For much of the past decade, however, the paper has been unable to escape the financial turmoil that has engulfed newspapers and other “legacy” media organizations. The rise of the Internet and the epochal change from print to digital technology have created a massive wave of competition for traditional news companies, scattering readers and advertisers across a radically altered news and information landscape and triggering mergers, bankruptcies and consolidation among the owners of print and broadcasting properties.

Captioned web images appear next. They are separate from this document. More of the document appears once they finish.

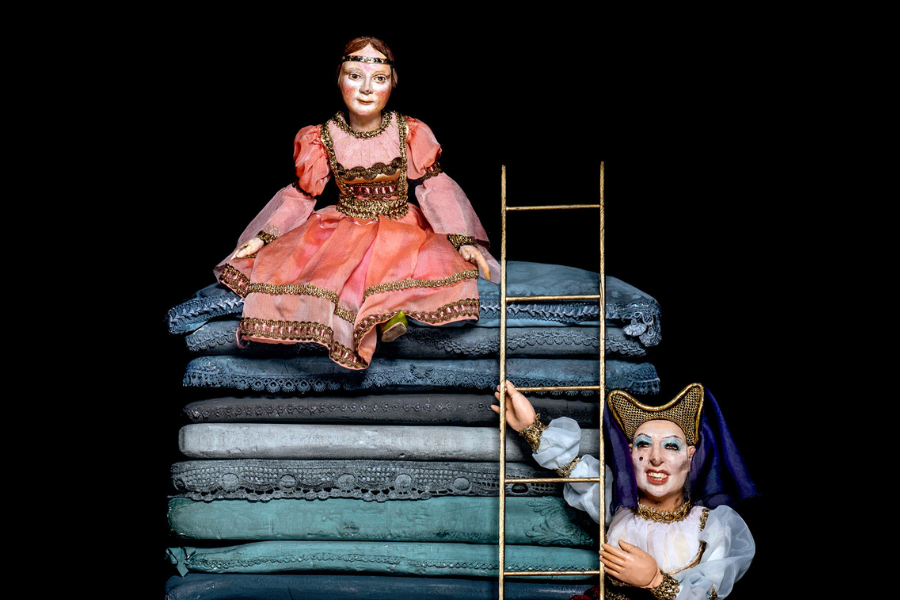 Zwei Puppen in historischen Kostümen: Eine sitzt auf einem hohen Stapel Matratzen, die andere hält eine Leiter. Der Hintergrund ist schwarz., © Schäfer & Thieme Produktion Zwei Puppen in historischen Kostümen: Eine sitzt auf einem hohen Stapel Matratzen, die andere hält eine Leiter. Der Hintergrund ist schwarz., © Schäfer & Thieme Produktion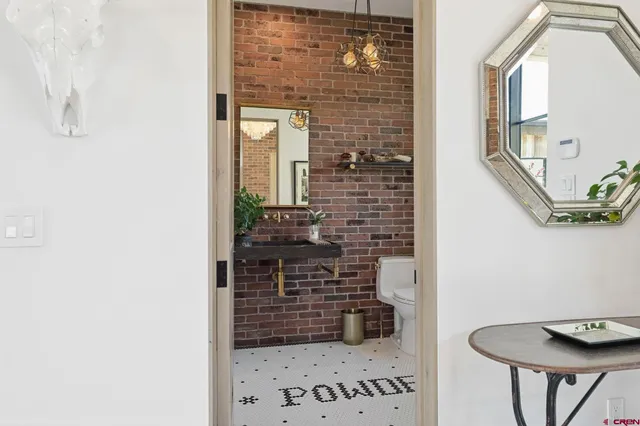 a bathroom with a shower and a sink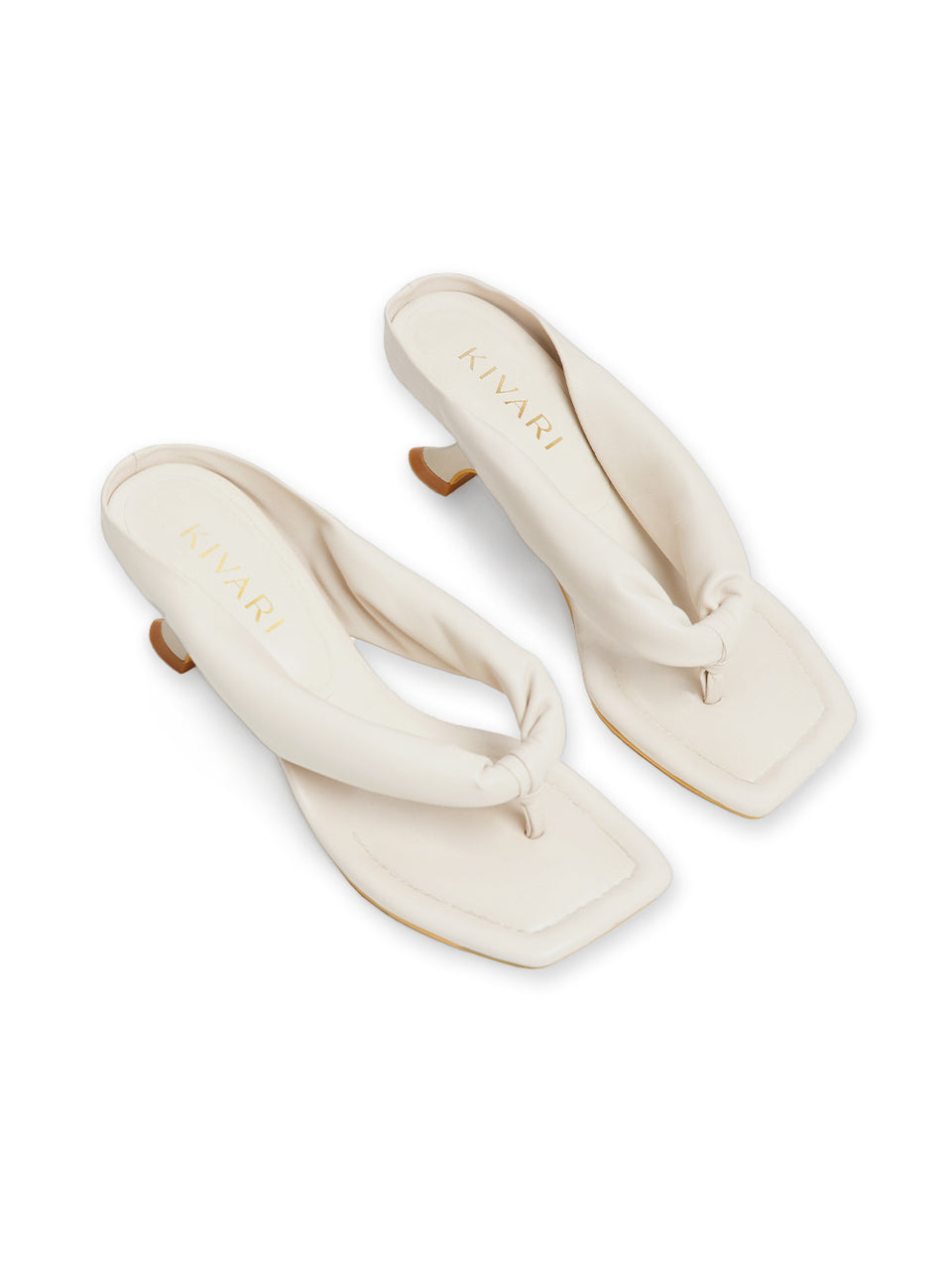 Pair of cream-colored sandals with a knot design on a white background
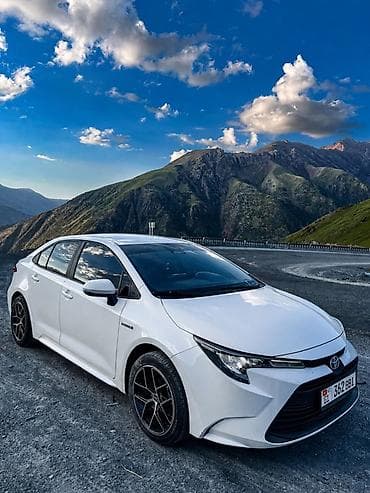 byd e2 2019: Toyota Corolla: 2023 г., 1.8 л, Вариатор, Гибрид, Седан — 3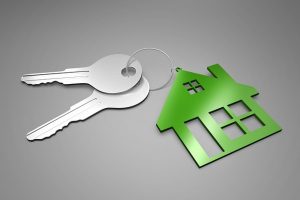 Image is a green keychain in the same of a house with two silver keys attached.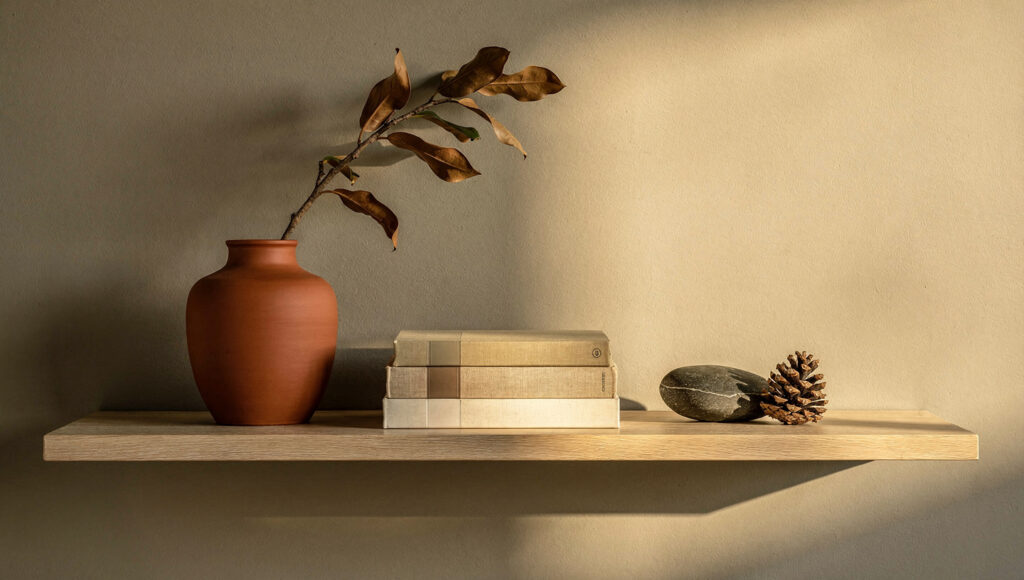 A white oak floating shelf styled for autumn showing a wide matte terracotta ceramic vessel with a dried magnolia branch as the anchor, four horizontally stacked warm oat and sand toned books in the center, and one smooth dark river stone with a pine cone in the release zone with clear space beyond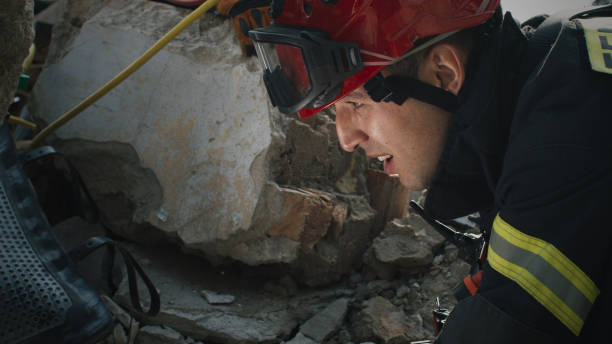 istock Male rescuer examining rubble and talking 1356642942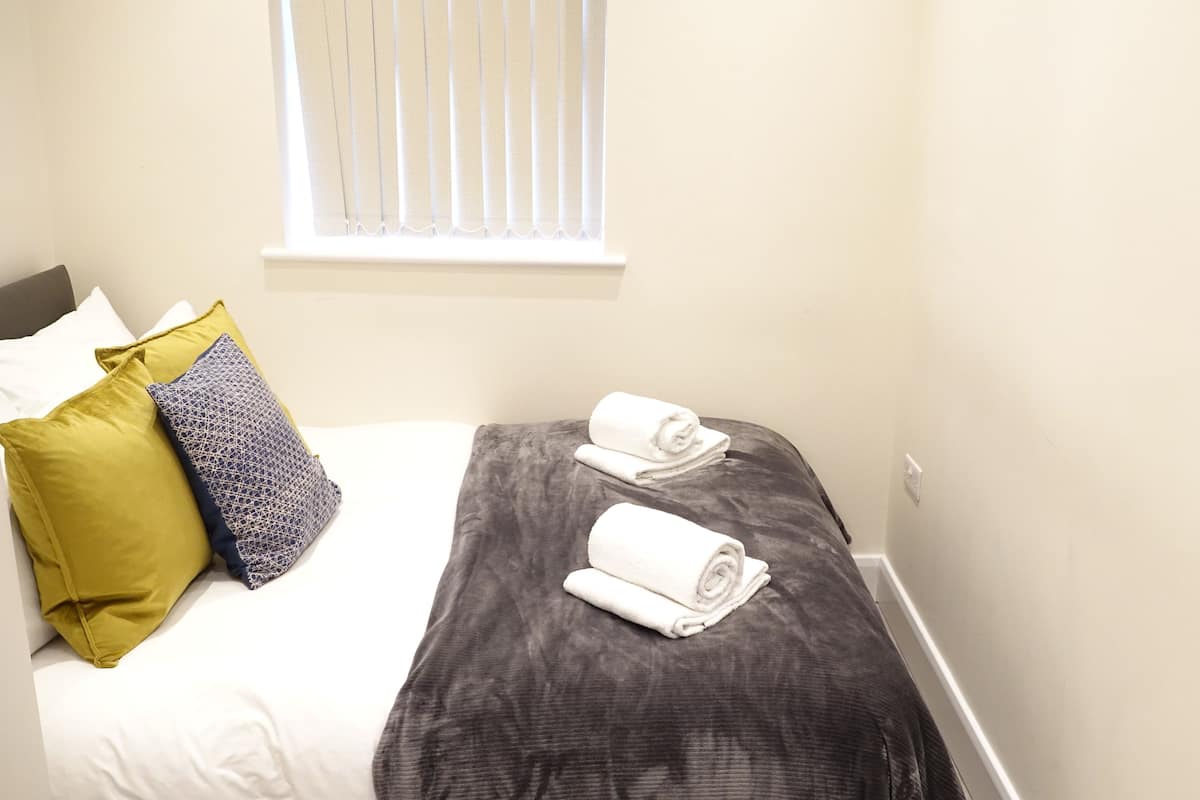 A neatly made bed with two rolled towels, a gray and white patterned pillow, and a yellow pillow.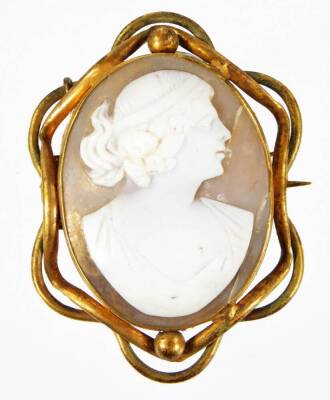 A 20thC cameo brooch, carved with lady facing sinister, with an entwined setting with plain pin back, unmarked, 5.5cm H.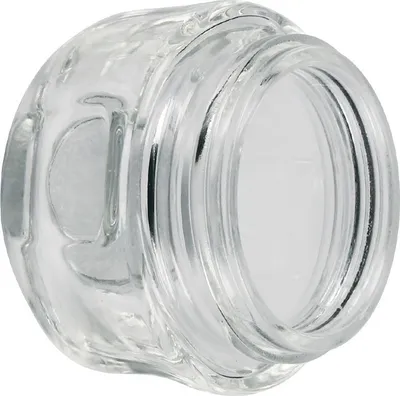 A close-up, isolated shot of a clear glass lamp cover.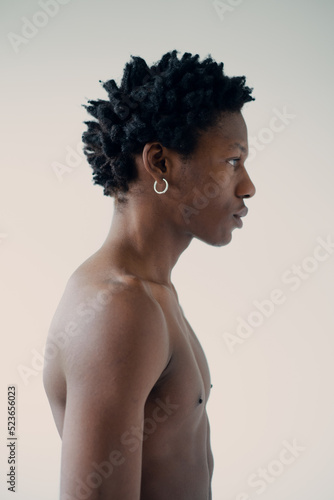 silhouette of a muscular african man posing in a photo studio on a white background without a t-shirt close-up portrait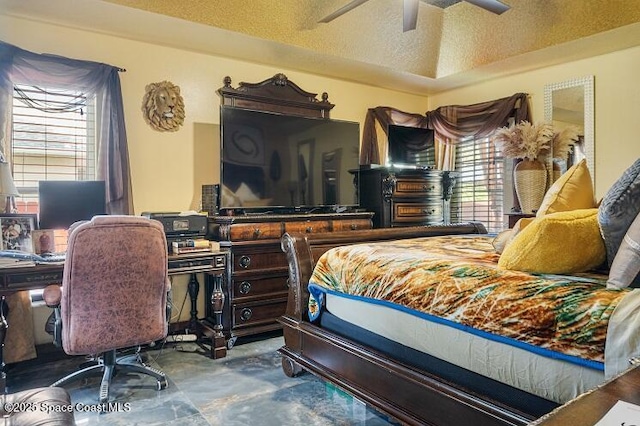 bedroom with multiple windows, vaulted ceiling, a textured ceiling, and ceiling fan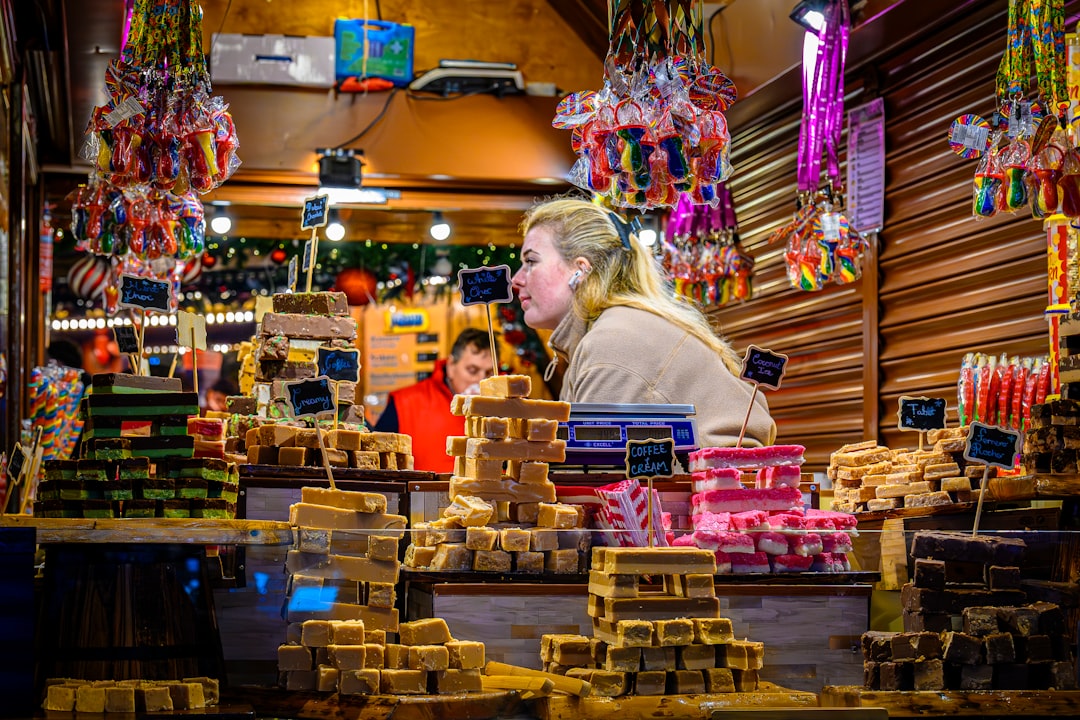 A woman selects artisan local cheeses to pair with EU wines at a traditional European market stall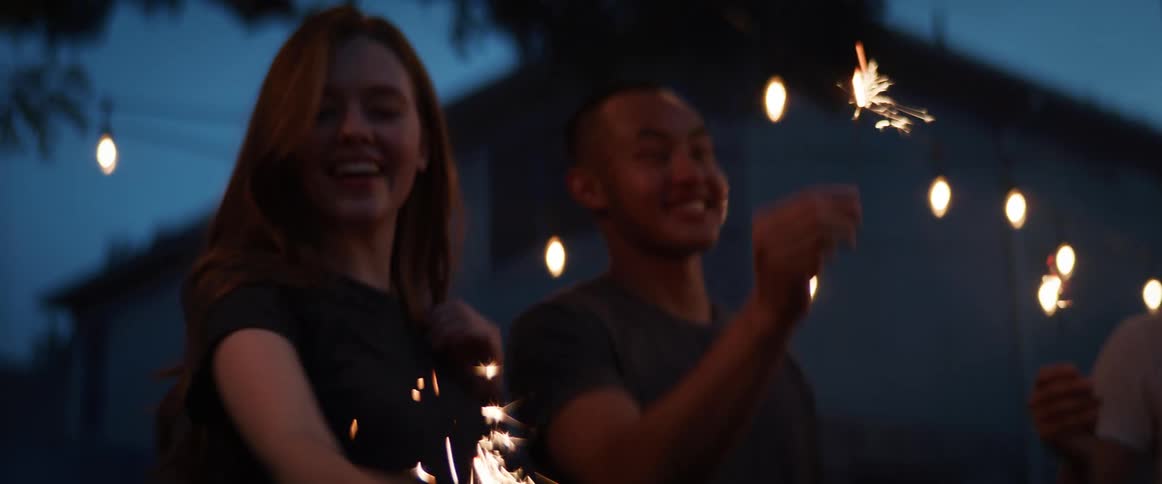 A group of young friends light sparklers in a back yard at night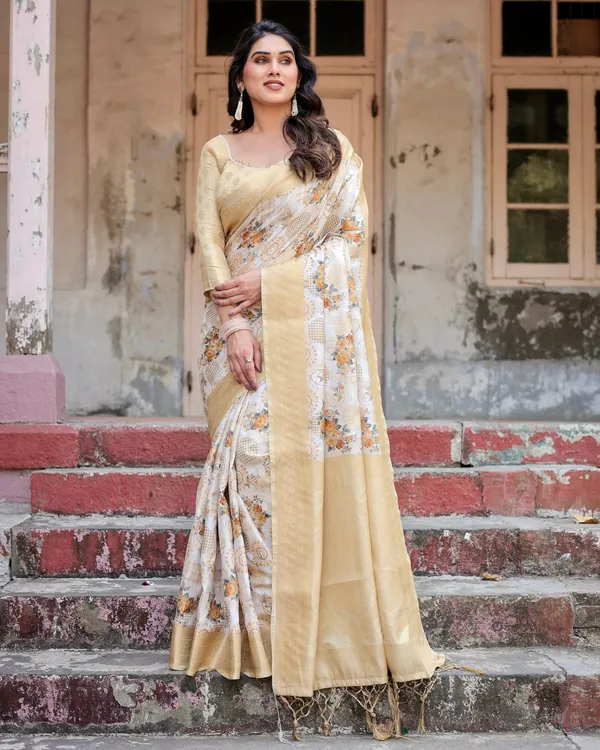 Ivory_and_Gold_Banarasi_Silk_Saree_with_Floral_Print,_Zari_Border,_and_Tassels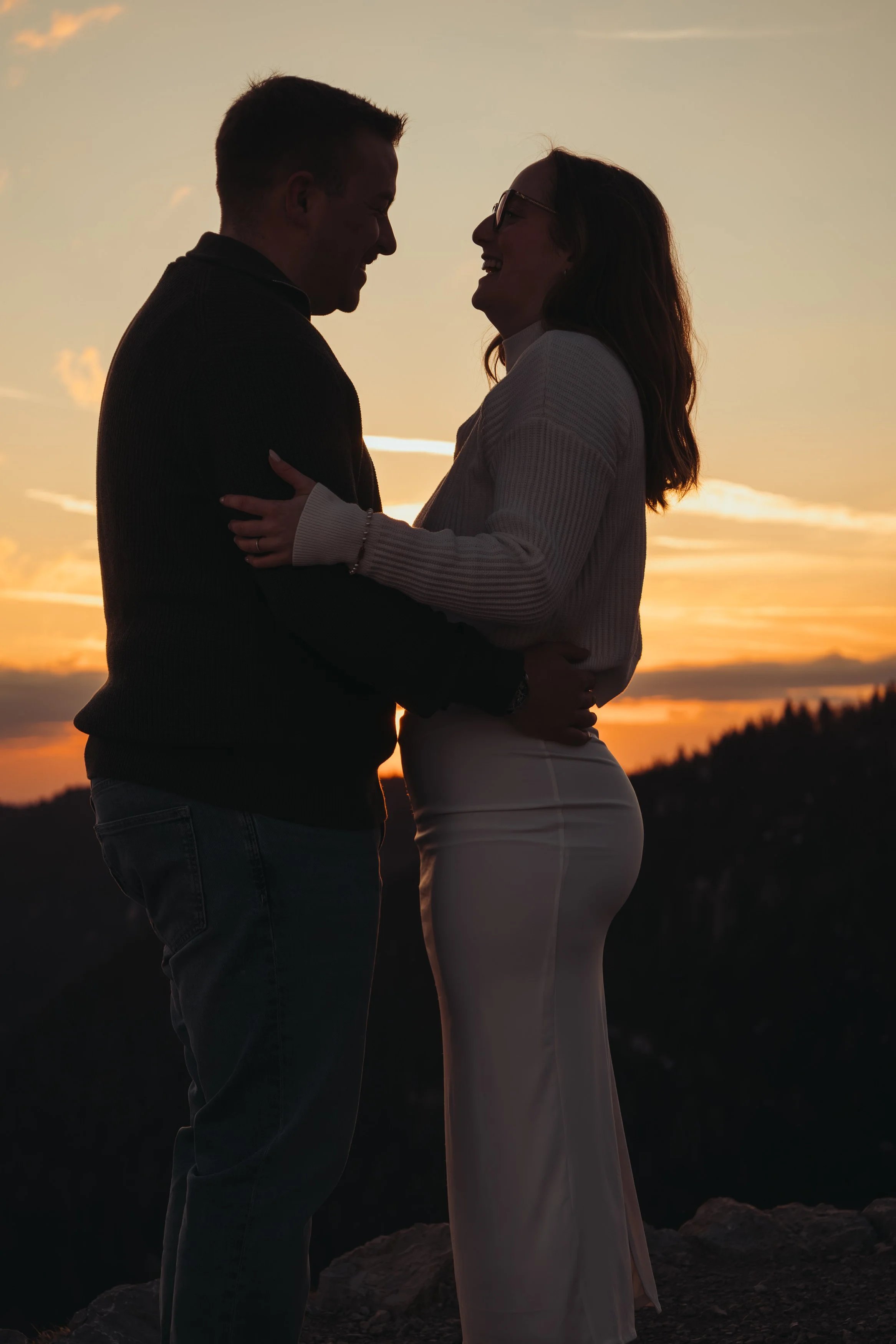 Un couple souriant se regarde tendrement à l'extérieur au coucher du soleil, avec un paysage de collines en arrière-plan.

“Every member of my family started out with the same emotion—shock—in even thinking about” selling The Post, said Donald Graham, the Post Co.’s chief executive, in an interview Monday. “But when the idea of a transaction with Jeff Bezos came up, it altered my feelings.”
Added Graham, “The Post could have survived under the company’s ownership and been profitable for the foreseeable future. But we wanted to do more than survive. I’m not saying this guarantees success but it gives us a much greater chance of success.”
The Washington Post Co.’s newspaper division, of which The Post newspaper is the most prominent part, has suffered a 44 percent decline in operating revenue over the past six years. Although the paper is one of the most popular news sources online, print circulation has dwindled, too, falling another 7 percent daily and Sundays during the first half of this year.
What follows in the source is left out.